Pieter de Poortere et Dickie, porte-paroles de la nouvelle BD flamande : « Aucun auteur de l’expo n’a envie de produire 48 planches en six mois comme nos prédécesseurs »

Un vent nouveau souffle sur le Centre Belge de la Bande Dessinée, un vent venu du nord qui se répand allègrement sur le monde du Neuvième Art. Les auteurs de la Nouvelle BD Flamande, celle qui prend le temps et le talent, sont en vogue et le Centre leur fait l’honneur d’une exposition de dix mois. Nous avons rencontré Pieter De Poortere, créateur du fabuleux Dickie, pour nous éclairer sur l’état d’esprit de cette nouvelle vague qui fait des flammes !

Le Centre Belge de la Bande Dessinée et un panel de héros © Pieter Poortere

Bonjour Pieter. C’est une belle exposition à laquelle vous participez, non ?

C’est vrai ! Ce n’est pas souvent qu’on rencontre d’autres auteurs. À force de travailler seul dans ma chambre, ça fait du bien de sortir de là ! (Rires).

Mais pour vous, c’est quoi la BD flamande ? Qu’elle soit nouvelle ou ancienne, d’ailleurs.

Cette exposition montre une partie du monde de la BD flamande. Il faut savoir qu’il y a dans notre partie du pays une grande tradition de bande dessinée à tendance « Nederlandse familie », extrêmement populaire. Ici, nous sommes face à une génération d’auteurs qui n’ont pas suivi cette voie, cette ligne des ancêtres. Si vous cherchez un fil rouge entre les oeuvres, vous vous rendrez compte qu’il n’y en a pas. Il y a 18 auteurs exposés et tous ont des esprits différents, avec de très riches variations. Je suis incapable de trouver un mot qui puisse résumer ces univers.

© Didier Fouss

La plupart des auteurs sont d’ailleurs déjà traduits. En Français ou alors en Anglais. Nous sommes en présence d’une génération qui peut viser d’autres marchés, dépasser les frontières. Ce qui était moins vrai avec les albums « de famille »….

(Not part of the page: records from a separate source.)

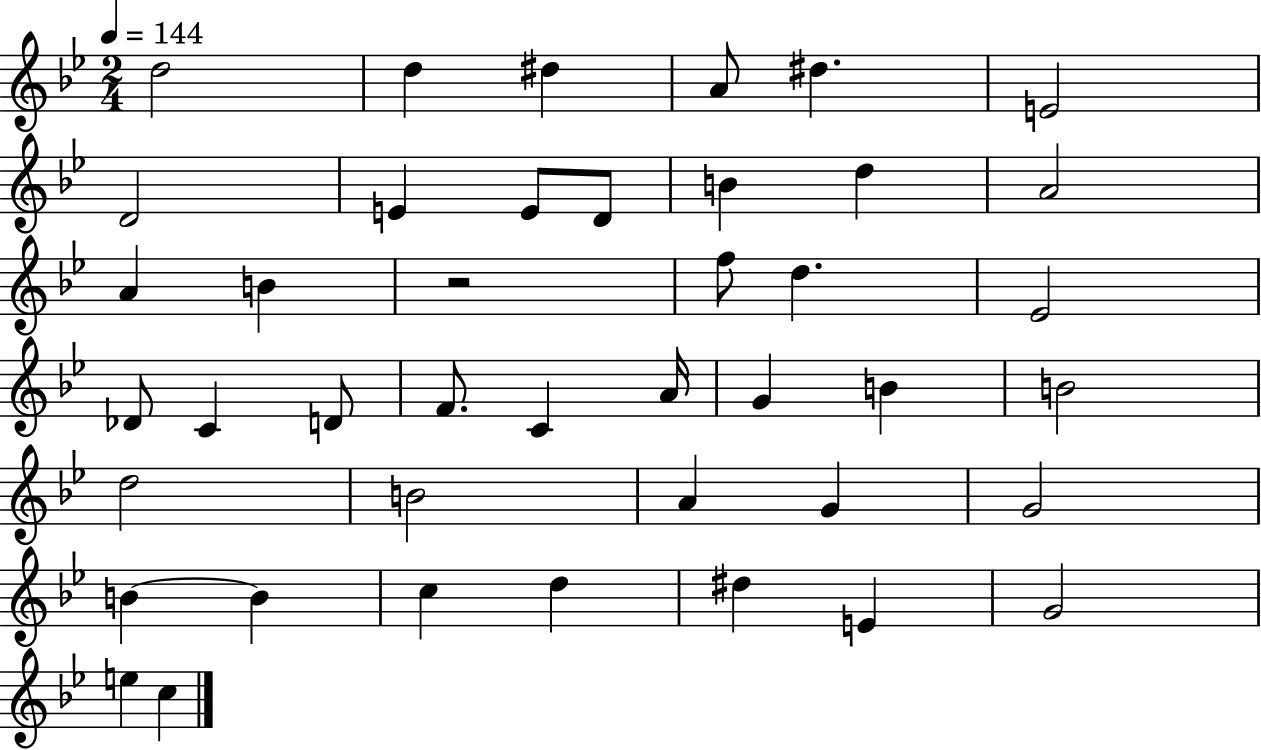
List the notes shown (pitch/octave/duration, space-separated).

D5/h D5/q D#5/q A4/e D#5/q. E4/h D4/h E4/q E4/e D4/e B4/q D5/q A4/h A4/q B4/q R/h F5/e D5/q. Eb4/h Db4/e C4/q D4/e F4/e. C4/q A4/s G4/q B4/q B4/h D5/h B4/h A4/q G4/q G4/h B4/q B4/q C5/q D5/q D#5/q E4/q G4/h E5/q C5/q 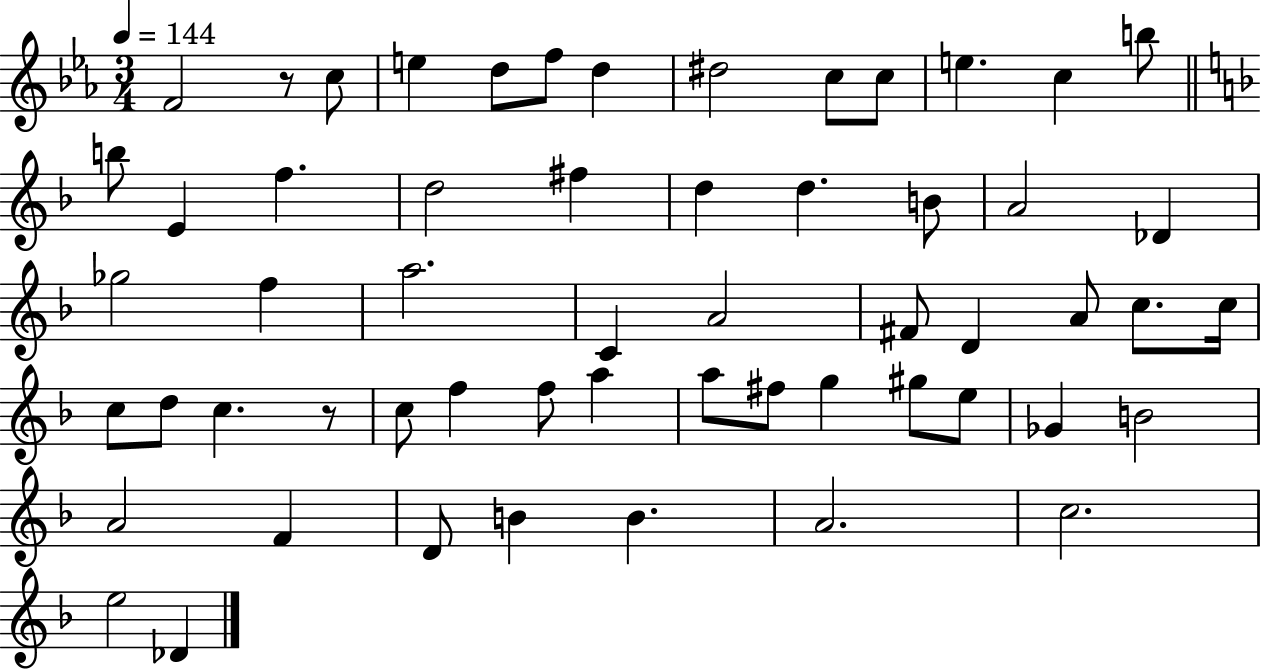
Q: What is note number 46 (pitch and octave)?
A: B4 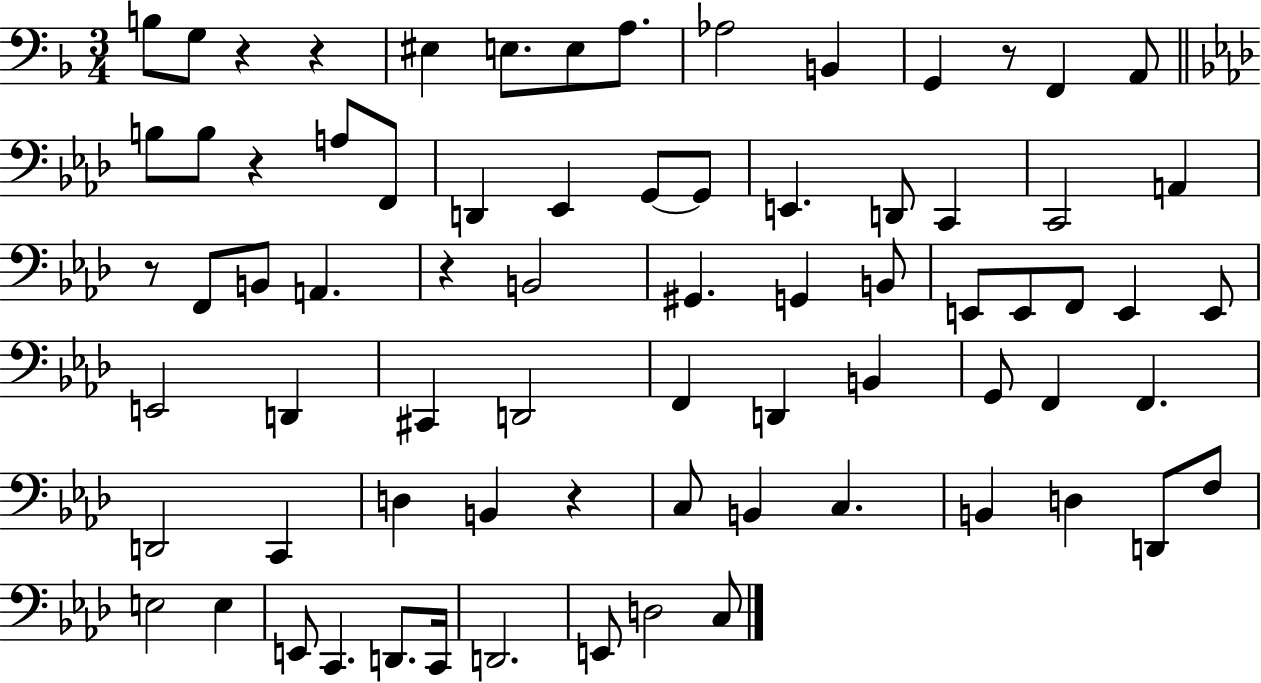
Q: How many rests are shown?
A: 7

Qu’est-ce que vous lisiez alors, quand vous étiez enfant ?

Ce que tout le monde lisait, les Bob et Bobette, Kiekeboe. Des récits très populaires, connus avec des éléments qui reviennent. Ce à quoi un Simon Spruyt peut par exemple rendre hommage… de manière décalée. Mais cette BD de famille était un concept qui misait sur la rapidité et la reconnaissabilité du format : 48 planches et un rythme de parution très régulier, tous les six voire tous les quatre mois. Ce qu’aucun auteur de l’expo n’a envie de faire. On ne rêve pas de série, on veut expérimenter et, pour ce faire, il faut nécessairement du temps.

© Pieter De Poortere

À l’époque des BD de famille, l’auteur devait produire 1/2 planche par jour… soit 3 planches par semaines. Ça ne laisse pas suffisamment de temps au reste, au travail d’illustrations, de recherches, d’expérimentation. Résolument, on ne rêve pas à ça.

Cette BD que vous pratiquez, a-t-elle été influencée par d’autres choses ?

Vous savez, je ne regarde pas seulement le monde de la BD, mais aussi celui de l’illustration, de la musique. Nous sommes à une époque où il y a beaucoup de crossovers.

© Pieter De Poortere

Et si le monde Franco-Belge est le terreau de grandes séries, on y voit aussi de plus en plus de romans graphiques, d’histoires plus expérimentales. La Belgique, c’est un tout petit pays qui est très riche, il y a beaucoup de talent au kilomètre-carré !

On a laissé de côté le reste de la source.